FIRTINAYA BEŞ KALA BASINA NEZAKETLE YEMEK DAVETİ

2018’deki konuyu neden anlattım? Orada bir detay vardı, onu hatırlatmak istedim. Kongrede tam bu gerginlik havası yeni yeni başlarken, bir partili basın mensuplarına seslendi. Gazeteciler, yemek yeme bahanesi ile kibarca dışarıya çağrıldı. Yanımdaki arkadaşımla göz göze gelirken gazeteci büyüğümüz ve abimiz İsmail Akar, duruma tepki göstererek, “Olur mu öyle şey? Ortam gergin, böyle zamanda dışarı mı çıkılır?” gibi sözlerle aynı nezaketle bu teklifi geri çevirmişti. Çok değil sadece iki dakika sonra ortam gerildi ve yukarıda yazdıklarım yaşandı. Basın içeride olmasa idi, yaşananlardan kimsenin haberi olmayacaktı. O görüntüleri de bizzat ben çektim ve haberini yayınladım. “Halkın partisiyiz” diyenleri halktan gizleme isteği o gün de yakışmamıştı CHP’ye, bugün de…

++++

AMA OLMADI, KADRO EKSİK KALDI DİYELİM

Şimdi gelelim Pazar gününe… Haftalardır gündemden düşmeyen tek parti CHP idi.
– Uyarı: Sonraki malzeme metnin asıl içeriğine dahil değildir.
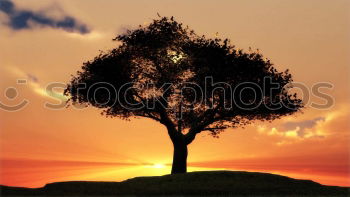 Similar – Image, Stock Photo lonely tree Tree Winter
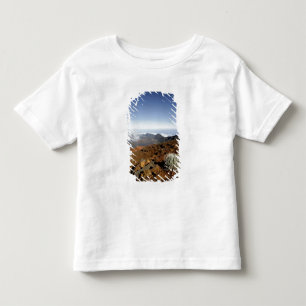 Camiseta Infantil Silversword no cume da cratera Haleakala de perto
Gözaltılar, tutuklamalar, mitingler, kongreler, iptaller, kurultay derken ülke gündeminde hep CHP vardı. Hafta içinde basına yansıyan haberlerde de Pazar’ın gelişine takılmıştı gözler… Aslında başta basın olmak üzere herkes konuya dahil olan isimlerin nasıl bir yol izleyeceğini, kürsülerden kimlere mesaj vereceğini merak ediyordu. Ama olmadı, kadro eksik kaldı diyelim.

++++

GAZETECİ BAYER: O ZAMAN BASINI NEDEN ÇAĞIRDINIZ?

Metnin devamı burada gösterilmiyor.